**Directions:**
Reproduce, character for character, the entries from their opening line through the line with "Charly | Waldorf Cloth Doll with Dress".
<<<<
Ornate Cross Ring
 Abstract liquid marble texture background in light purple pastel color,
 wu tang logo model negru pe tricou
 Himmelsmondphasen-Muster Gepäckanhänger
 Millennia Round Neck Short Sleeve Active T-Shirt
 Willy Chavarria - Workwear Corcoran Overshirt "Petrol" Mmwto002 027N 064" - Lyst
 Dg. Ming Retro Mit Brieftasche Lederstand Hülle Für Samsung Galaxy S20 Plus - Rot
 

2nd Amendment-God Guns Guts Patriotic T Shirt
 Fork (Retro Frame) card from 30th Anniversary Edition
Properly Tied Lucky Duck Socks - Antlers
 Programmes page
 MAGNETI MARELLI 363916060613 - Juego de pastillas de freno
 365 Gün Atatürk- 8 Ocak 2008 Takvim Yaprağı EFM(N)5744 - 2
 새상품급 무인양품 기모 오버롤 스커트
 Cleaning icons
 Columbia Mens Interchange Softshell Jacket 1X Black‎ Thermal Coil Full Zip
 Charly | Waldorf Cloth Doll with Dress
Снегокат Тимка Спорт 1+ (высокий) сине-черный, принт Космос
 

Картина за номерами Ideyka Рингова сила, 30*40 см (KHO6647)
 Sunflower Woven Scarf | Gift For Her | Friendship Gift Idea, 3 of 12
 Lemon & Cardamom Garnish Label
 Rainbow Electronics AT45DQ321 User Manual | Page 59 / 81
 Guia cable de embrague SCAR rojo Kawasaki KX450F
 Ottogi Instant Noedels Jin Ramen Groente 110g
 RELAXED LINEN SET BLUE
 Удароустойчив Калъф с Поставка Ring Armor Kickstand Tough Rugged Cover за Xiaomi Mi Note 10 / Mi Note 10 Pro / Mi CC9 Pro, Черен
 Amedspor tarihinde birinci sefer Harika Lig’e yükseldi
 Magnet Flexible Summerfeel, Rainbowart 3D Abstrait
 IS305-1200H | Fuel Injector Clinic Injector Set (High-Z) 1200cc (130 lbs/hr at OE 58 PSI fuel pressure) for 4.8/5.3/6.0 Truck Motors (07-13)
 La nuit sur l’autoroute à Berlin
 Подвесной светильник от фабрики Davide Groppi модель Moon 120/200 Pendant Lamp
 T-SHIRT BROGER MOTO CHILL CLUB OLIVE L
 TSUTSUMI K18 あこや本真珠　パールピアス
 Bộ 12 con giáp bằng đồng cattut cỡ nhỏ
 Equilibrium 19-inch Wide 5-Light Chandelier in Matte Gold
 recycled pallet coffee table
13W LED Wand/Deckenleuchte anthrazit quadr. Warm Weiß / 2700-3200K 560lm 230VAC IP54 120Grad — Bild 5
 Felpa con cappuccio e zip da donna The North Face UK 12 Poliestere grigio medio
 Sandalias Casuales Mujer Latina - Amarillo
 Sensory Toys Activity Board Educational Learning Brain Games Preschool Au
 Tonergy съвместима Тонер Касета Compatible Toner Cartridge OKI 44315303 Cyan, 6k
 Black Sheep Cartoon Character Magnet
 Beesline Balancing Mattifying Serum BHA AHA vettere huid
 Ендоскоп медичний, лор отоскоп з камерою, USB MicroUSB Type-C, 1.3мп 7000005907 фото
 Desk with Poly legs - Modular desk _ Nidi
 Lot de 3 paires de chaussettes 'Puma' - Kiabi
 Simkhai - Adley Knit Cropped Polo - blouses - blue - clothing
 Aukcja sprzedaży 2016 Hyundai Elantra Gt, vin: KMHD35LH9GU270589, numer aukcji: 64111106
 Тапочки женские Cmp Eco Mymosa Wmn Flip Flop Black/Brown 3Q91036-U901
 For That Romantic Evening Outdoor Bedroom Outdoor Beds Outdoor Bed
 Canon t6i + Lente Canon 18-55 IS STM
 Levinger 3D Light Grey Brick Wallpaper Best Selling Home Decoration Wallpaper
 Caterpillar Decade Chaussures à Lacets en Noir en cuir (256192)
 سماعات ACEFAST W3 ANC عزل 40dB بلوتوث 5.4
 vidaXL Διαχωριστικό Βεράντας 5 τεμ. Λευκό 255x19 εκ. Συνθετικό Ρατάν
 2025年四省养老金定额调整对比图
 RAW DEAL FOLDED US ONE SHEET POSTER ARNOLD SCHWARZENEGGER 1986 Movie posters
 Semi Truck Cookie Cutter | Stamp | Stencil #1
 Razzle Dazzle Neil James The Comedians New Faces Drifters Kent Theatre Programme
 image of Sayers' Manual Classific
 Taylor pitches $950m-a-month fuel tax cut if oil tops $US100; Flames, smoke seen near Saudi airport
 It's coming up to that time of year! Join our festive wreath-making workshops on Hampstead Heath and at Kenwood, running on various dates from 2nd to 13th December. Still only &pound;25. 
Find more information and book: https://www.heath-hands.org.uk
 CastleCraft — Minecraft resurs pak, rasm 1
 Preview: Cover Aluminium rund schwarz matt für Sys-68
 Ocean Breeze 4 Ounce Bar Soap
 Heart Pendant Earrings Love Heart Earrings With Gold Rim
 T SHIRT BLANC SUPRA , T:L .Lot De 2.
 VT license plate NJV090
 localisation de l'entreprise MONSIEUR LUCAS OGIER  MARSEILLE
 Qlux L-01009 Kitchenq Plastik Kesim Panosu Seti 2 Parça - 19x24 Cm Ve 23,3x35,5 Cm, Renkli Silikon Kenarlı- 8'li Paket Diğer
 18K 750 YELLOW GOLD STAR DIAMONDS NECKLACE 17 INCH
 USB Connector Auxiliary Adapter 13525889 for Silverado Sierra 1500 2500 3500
>>>>
**Problem solution:**
Ornate Cross Ring
 Abstract liquid marble texture background in light purple pastel color,
 wu tang logo model negru pe tricou
 Himmelsmondphasen-Muster Gepäckanhänger
 Millennia Round Neck Short Sleeve Active T-Shirt
 Willy Chavarria - Workwear Corcoran Overshirt "Petrol" Mmwto002 027N 064" - Lyst
 Dg. Ming Retro Mit Brieftasche Lederstand Hülle Für Samsung Galaxy S20 Plus - Rot
 

2nd Amendment-God Guns Guts Patriotic T Shirt
 Fork (Retro Frame) card from 30th Anniversary Edition
Properly Tied Lucky Duck Socks - Antlers
 Programmes page
 MAGNETI MARELLI 363916060613 - Juego de pastillas de freno
 365 Gün Atatürk- 8 Ocak 2008 Takvim Yaprağı EFM(N)5744 - 2
 새상품급 무인양품 기모 오버롤 스커트
 Cleaning icons
 Columbia Mens Interchange Softshell Jacket 1X Black‎ Thermal Coil Full Zip
 Charly | Waldorf Cloth Doll with Dress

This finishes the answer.